Parks and prostitutes may surround the Phoenix Concert Theatre, but last week’s 2005 Untitled Art Awards gave the theatre a new air of elegance and adventure.

The Toronto art community gathered last Thursday to honour the city’s artists, relieving the Phoenix of its rock-and-roll dive image for the night. The trademark black curtains were pulled back to reveal a stylishly dishevelled white backdrop.

The Tijuana Bibles, who specialize in playing surf rock while wearing Mexican wrestler masks, played on stage during intermission. And the Boychoir of Lesbos, a group of robe-clad women, sang a rousing choral rendition of Soft Cell’s “Tainted Love” over a disco beat. No, this was definitely not a typical night at the Phoenix.

The Untitled Art Awards were incepted in 2003 as a way to honour excellence in visual art. Originally called The Steam Whistle Art Awards, it was renamed in 2004 to better suit the spirit of the awards. Four Ryerson graduates were among this year’s nominees. Annie MacDonell, a photography graduate from the image arts program, was nominated for her work in Many Fires, in the “Best Solo or Group Exhibition or Project.”

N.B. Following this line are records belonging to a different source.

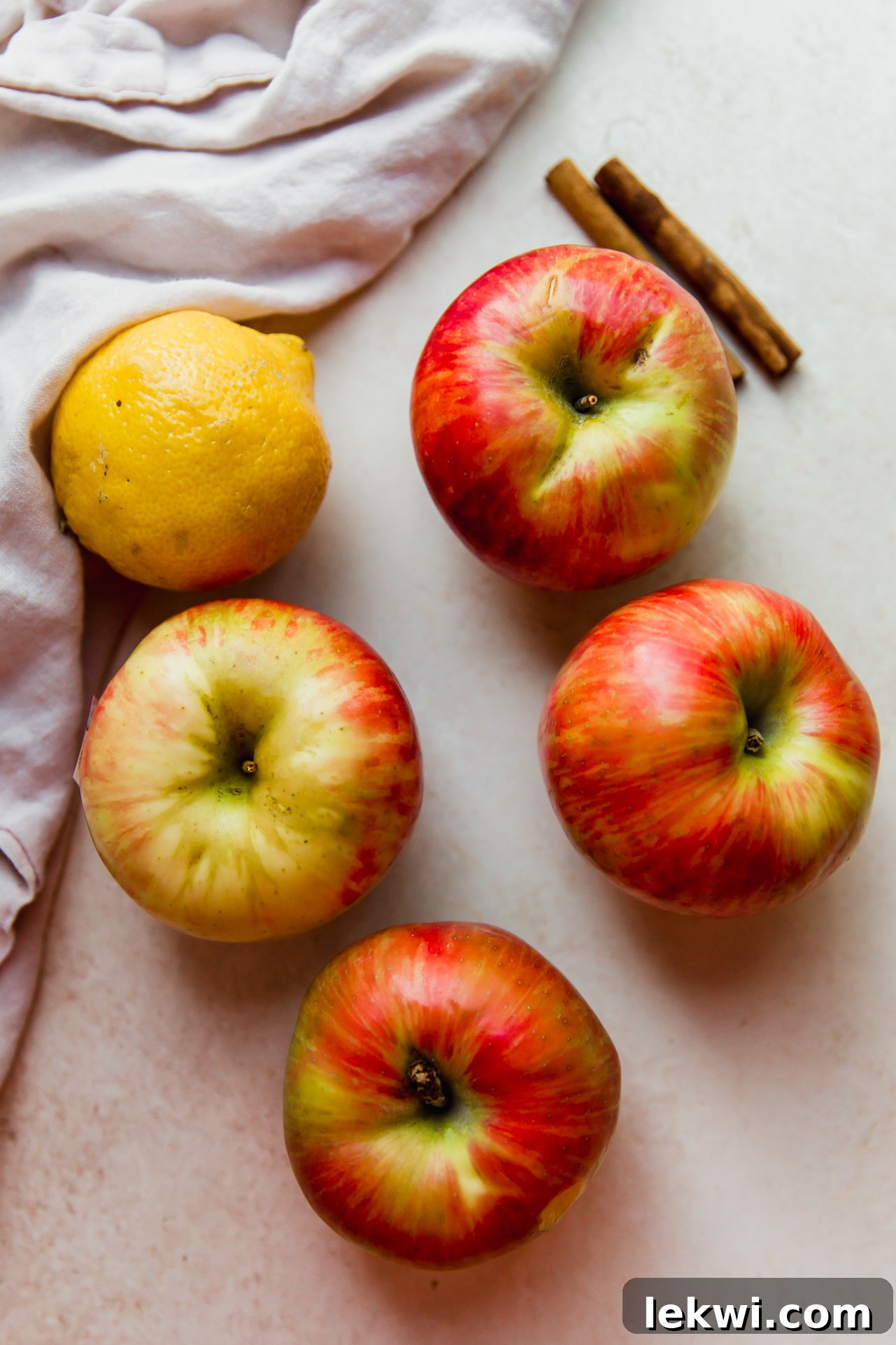Collection of fresh apples, coconut sugar, lemon, apple cider, and cinnamon sticks – ingredients for homemade applesauce.
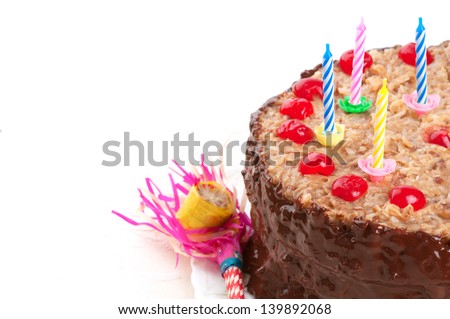 Closeup of a German Chocolate Birthday cake with chocolate frosting, maraschino cherries, vintage candle holders and party blower for children, kids, or adults on white background with room for text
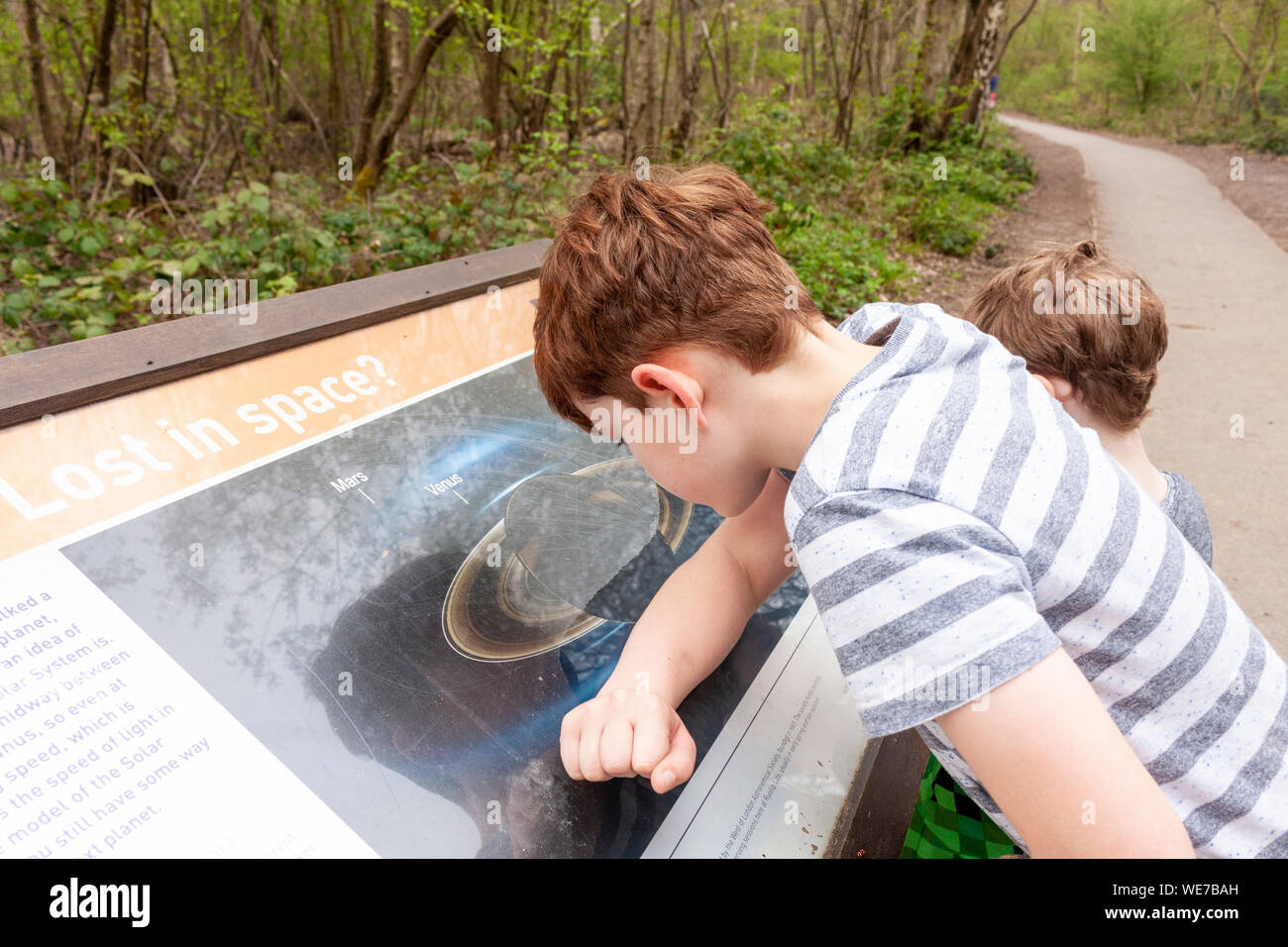 A boy looking at and reading a board about the solar system at Ruislip Lido, Greater London Stock Photo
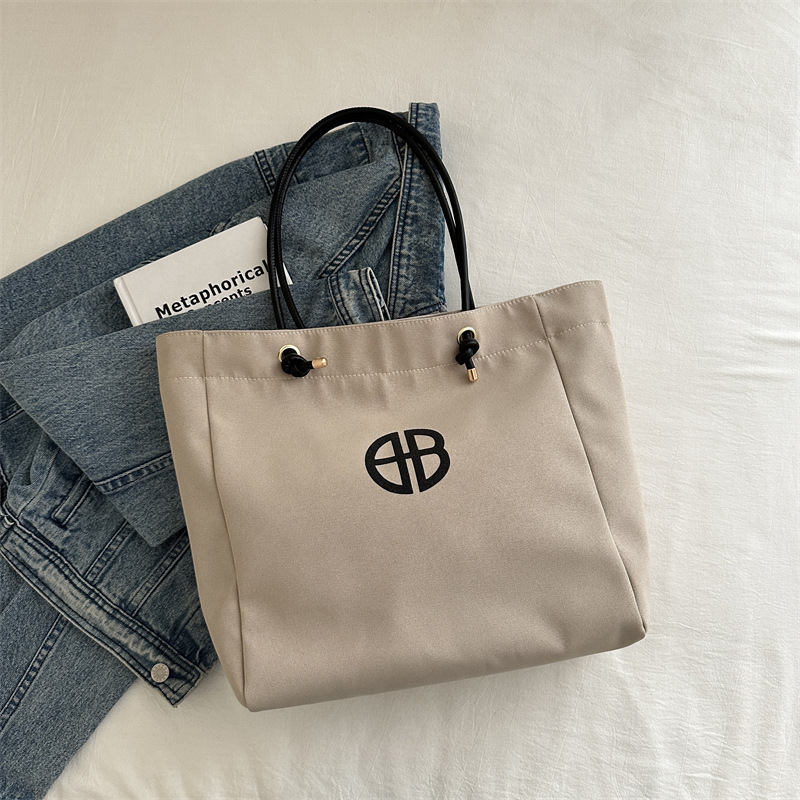 Bolsa de lienzo de gran capacidad de letras para mujeres este año nueva bolsa de hombro de moda universal bolsa de viaje bolsa de mano bolsa de mamá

MacDonell, Becky Comber, Samar Modonpour and Chad Gerth were among the contributors to the exhibition Wallpaper, nominated for “Best Curated Exhibition in any (Non-Public Gallery) Space.” Although these projects lost to The Living Room Project and Andy Patton respectively, the night was still a success for Ryerson artists.

“Recognition is a strange thing in the world of visual arts. I feel that Untitled is a good thing for the art community,” said Comber, who recently graduated from the image arts photography stream. “I feel that Sophie (Hackett, curator of Wallpaper) is receiving well-deserved recognition, and if we use art awards to do that, then so be it.”

The Wallpaper exhibit was displayed at the Gladstone Hotel as part of CONTACT 2005, Toronto’s Photography Art Festival. Hackett described Wallpaper as artwork that “reconsiders and re-contextualizes wallpaper, photography and hotel art.” Comber herself contributed photos from two of her series, 1st Windows and Association.

Her images experiment with paper cutouts on window panes, using the window’s view to play with context and form. “(My photos work with) dimension of space between the surface of glass and what lies behind, as well as deal with the relation of figure and form of cutout snapshots on the glass surface to hint at relationships and attitudes between individuals,” Comber said. “I feel that (Hackett) was interested in my work because of its nature to deal with surface and space within the same dimension,” she said.

Comber has hit a bit of a wall since she graduated and left Ryerson’s creative environment. She has found that the realities of making a living have stifled her urge to create art. She has made plans for a change in scenery. Comber will move to Jasper, Alta. to manage a rustic hotel in the Rockies and to work on new material for seven months this year. “I’m excited about the prospect of seclusion and total immersion in (the) creative world again,” she said.

“Then hopefully, I’ll exhibit the work.” However, she won’t be leaving Toronto’s thriving art scene for good. “I feel like I will always be returning to Toronto to exhibit work and to collaborate,” Comber said.

And if Toronto’s art community’s response is any indication, the city can expect to witness several new and exuberant things from her, much like a Phoenix rising from the ashes.